(Records provided Opens)
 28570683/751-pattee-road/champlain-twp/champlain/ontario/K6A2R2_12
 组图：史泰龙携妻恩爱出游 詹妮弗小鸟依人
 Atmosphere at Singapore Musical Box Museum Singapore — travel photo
(Records provided Closes)
(Records provided Opens)
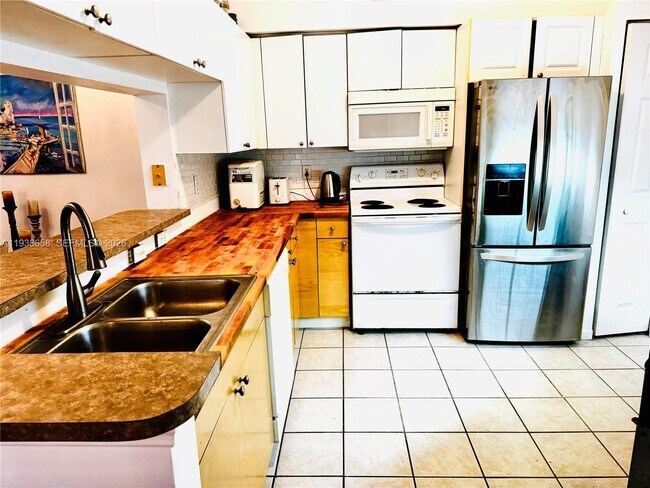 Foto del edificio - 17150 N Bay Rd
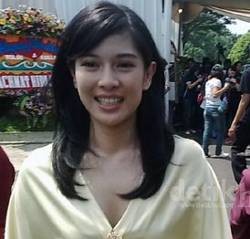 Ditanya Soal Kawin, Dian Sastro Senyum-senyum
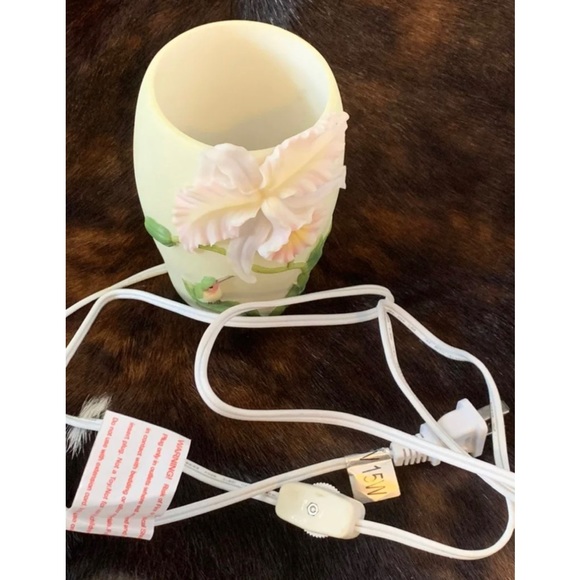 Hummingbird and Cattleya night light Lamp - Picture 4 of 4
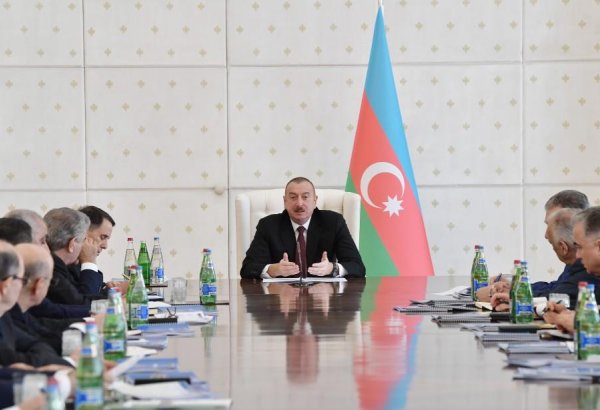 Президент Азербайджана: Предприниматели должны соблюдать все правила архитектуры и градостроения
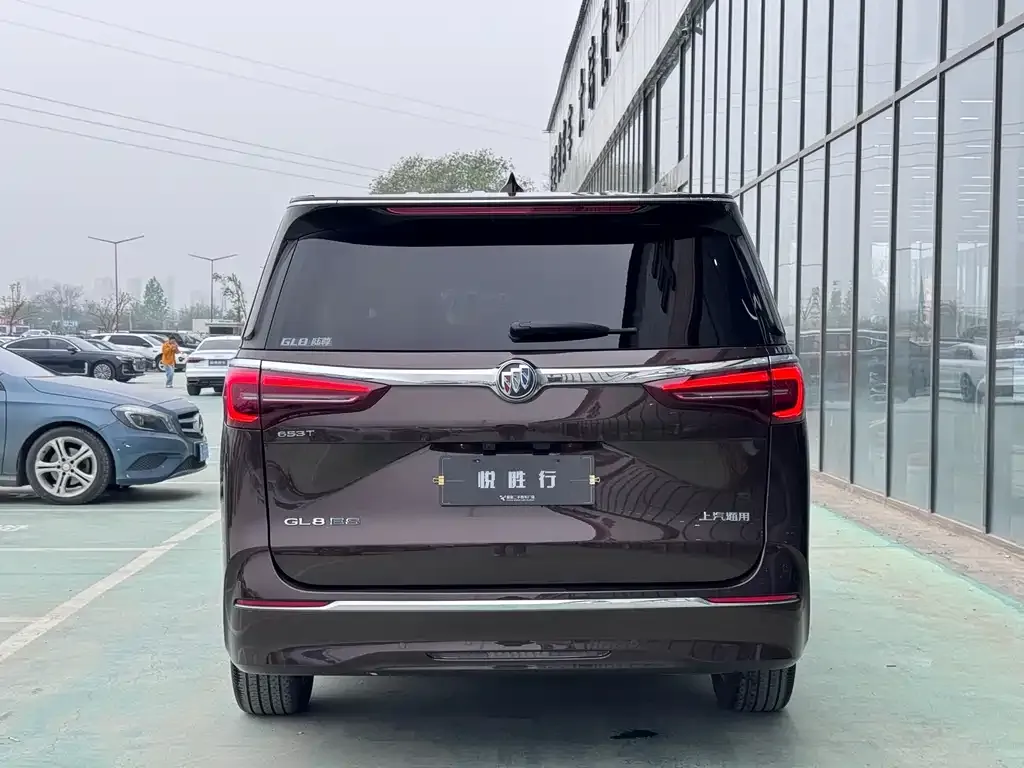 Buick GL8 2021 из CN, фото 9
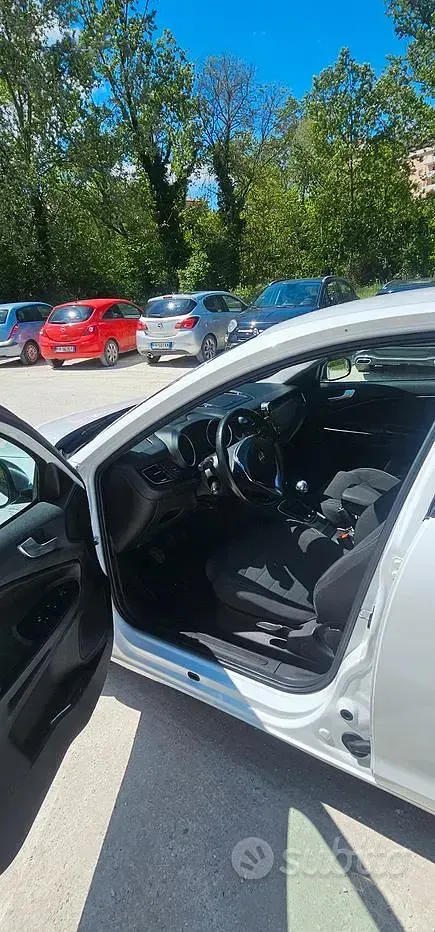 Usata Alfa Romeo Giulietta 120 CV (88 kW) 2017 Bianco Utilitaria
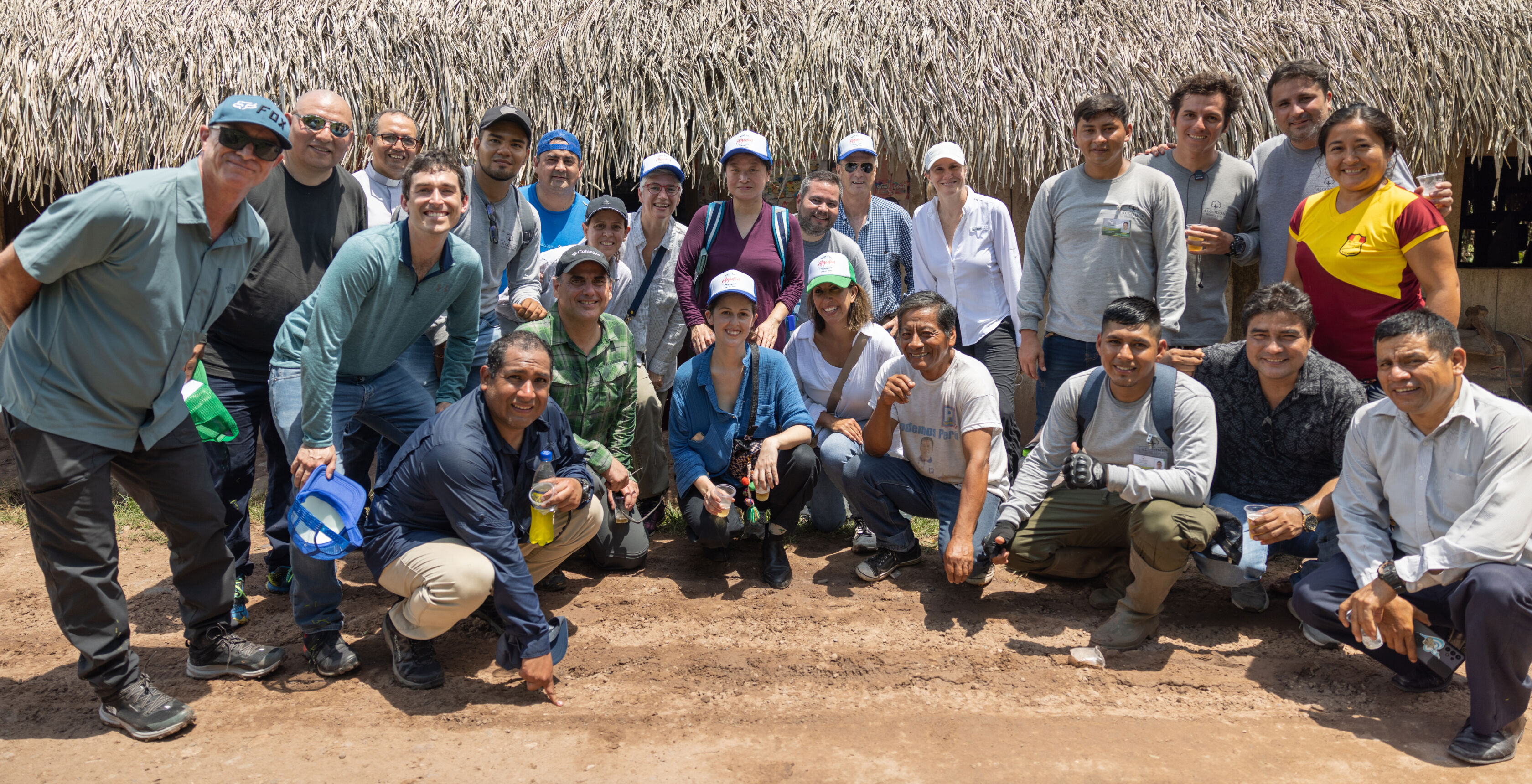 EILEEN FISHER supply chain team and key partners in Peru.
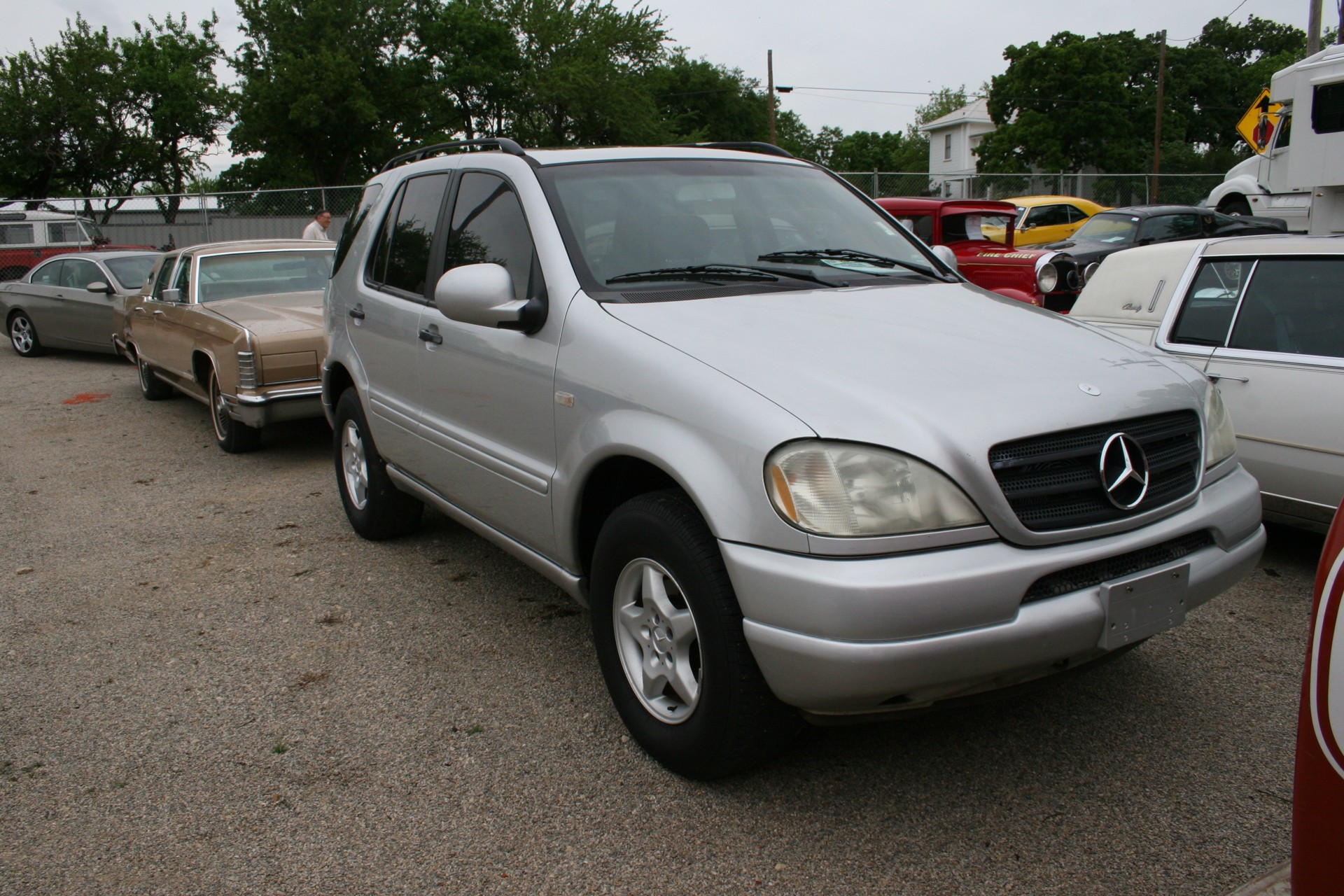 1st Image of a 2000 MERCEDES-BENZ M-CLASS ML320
(Records provided Closes)
■ **What is required**:
Working from the entries above, reproduce exactly and only the lines beginning with the line that has "Президент Азербайджана: Предприниматели" and ending with the line that has "1st Image of"; omit all pictures.

■ **Task response**:
 Президент Азербайджана: Предприниматели должны соблюдать все правила архитектуры и градостроения
 Buick GL8 2021 из CN, фото 9
 Usata Alfa Romeo Giulietta 120 CV (88 kW) 2017 Bianco Utilitaria
 EILEEN FISHER supply chain team and key partners in Peru.
 1st Image of a 2000 MERCEDES-BENZ M-CLASS ML320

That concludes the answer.